Rodgers vs. Herbalife (docket)14 Jun 2018 :: by Jason Jones
UNITED STATES DISTRICT COURT SOUTHERN DISTRICT OF FLORIDA
Case No. 1:17-cv-23429
September 18, 2017, a class action lawsuit against Herbalife and forty-four of its top distributors was filed in federal court.
The complaint alleges that the parties conspire to produce and sell a mandatory event series to which Herbalife business opportunity participants lose millions of dollars per year.
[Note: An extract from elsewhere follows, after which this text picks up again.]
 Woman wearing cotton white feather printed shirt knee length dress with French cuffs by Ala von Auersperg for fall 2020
Eight plaintiff’s have bravely agreed to represent a class of tens (potentially hundreds) of thousands of victims. Plaintiffs–who hail from Florida, New Jersey, Oklahoma, and Ohio–were all Herbalife business opportunity participants who spent between twelve and forty-eight months doggedly pursuing the success guaranteed at Herbalife “Circle of Success” events.
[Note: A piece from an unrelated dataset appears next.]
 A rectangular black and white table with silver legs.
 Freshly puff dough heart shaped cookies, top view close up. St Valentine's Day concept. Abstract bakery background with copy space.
Truth in Advertising’s summary of the complaint included a video compilation of Herbalife distributors touting these events in fantastical terms.
After a complaint is filed the court issues a summons. A copy of the summons, along with the complaint, is personally served on each defendant by a process server. Documents 6 – 29 on the case docket are notices that service was effected.
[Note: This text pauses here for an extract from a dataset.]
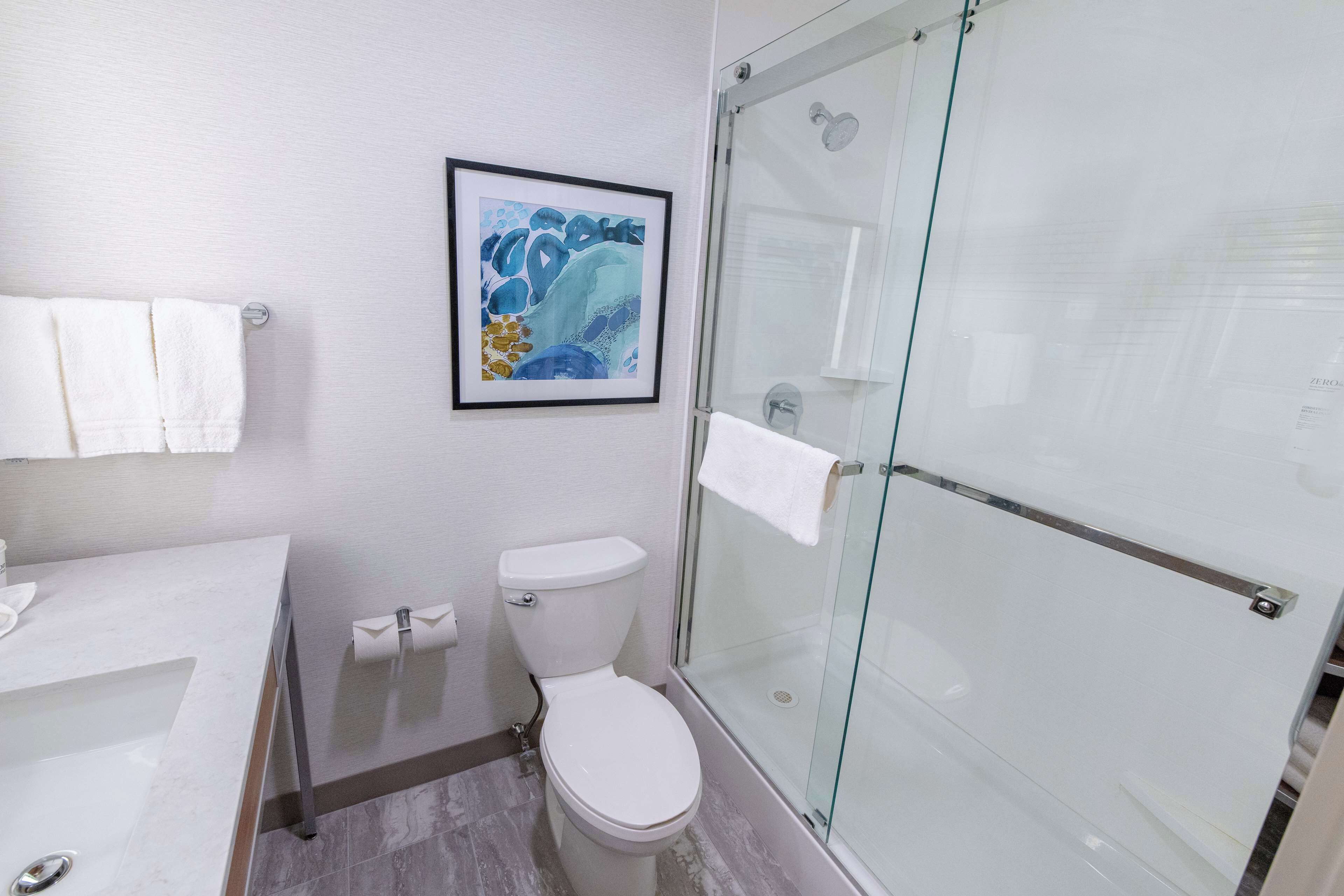 Une salle de bain comprenant des toilettes, un lavabo et une douche fermée par une paroi de verre.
- Jorge & Disney de la Concepcion (aka @FitCouple) were served first
- Carol and Ron Rosenau were served last
- Several defendants, like Founder’s Circle member Leslie Stanford, were amusingly uncooperative:
At the time of service recipient refused to provide his name. Server first spoke with defendant daughter and she stated her mother was out of town and refused to accept service and left. There was a gardener on the property and he advise defendant spouse was inside the house. Server knock on the door and a white male came outside with attitude and refused to accept service.
Too bad… ya served!
On October 10, 2017, we received notice that Quarles & Brady would be representing all of the individual defendants as a unified block. Q&B said they were authorized to accept service for all defendants and continued attempts at personal service ceased.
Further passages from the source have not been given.